Segundo informação divulgada pela imprensa internacional, a influenciadora poderá enfrentar acusações relacionadas com comportamentos de natureza sexual considerados ilegais no país onde o acto terá ocorrido, incluindo potenciais violações de normas de saúde pública, exploração e participação em actividades classificadas como atentatórias à moralidade pública. Dependendo dos enquadramentos legais locais, a pena poderá chegar a 15 anos de prisão.

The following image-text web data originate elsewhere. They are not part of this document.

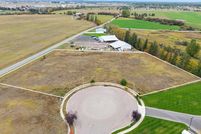 Property for sale in Flathead County, Montana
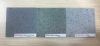 Vietnam Quartz Surface Sparkle Series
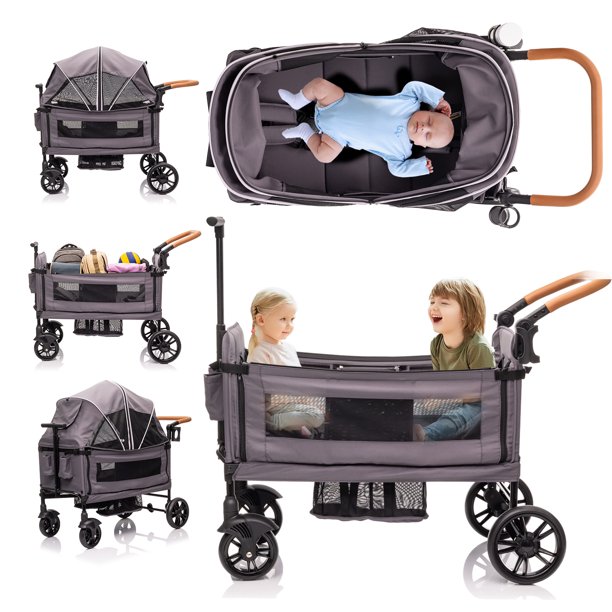 nuna pipa stroller accessories RX Infant Car Seat + RELX Base – Baby Grand Cisco Kid Model:USTE1440S701 weather travel Bugaboo Donkey Duo Folded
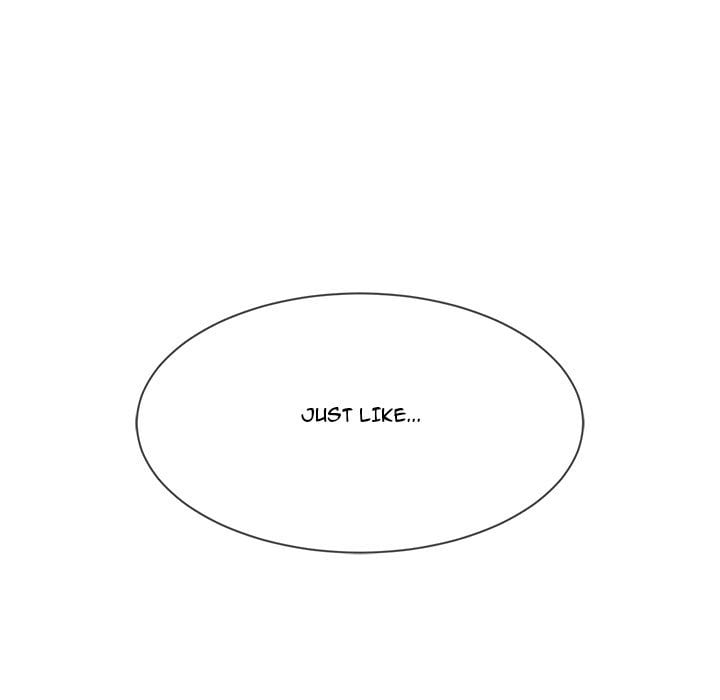 My High School Bully Uncensored, chapter 52, page 128 of 158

O caso tornou-se viral quase imediatamente, com milhões de visualizações e partilhas. As autoridades confirmaram que a investigação está em curso devido à dimensão pública da afirmação e à possibilidade de terem sido cometidos diversos delitos no contexto da alegada maratona sexual.
Especialistas em direito penal sexual observam que a gravidade do caso não reside na alegação em si, mas sim nas condições em que o acto poderá ter ocorrido: eventuais violações de regras sanitárias, potenciais envolvimentos não verificados, consentimento questionável e participação de terceiros em actividades organizadas sem enquadramento legal.
Enquanto isso, a influenciadora mantém-se activa nas redes sociais, afirmando que tudo não passa de “um grande mal-entendido” e que as autoridades estão “a exagerar” devido à repercussão mediática. Ainda assim, juristas consultados pela imprensa local sublinham que, caso a investigação confirme os factos, poderão existir consequências penais severas.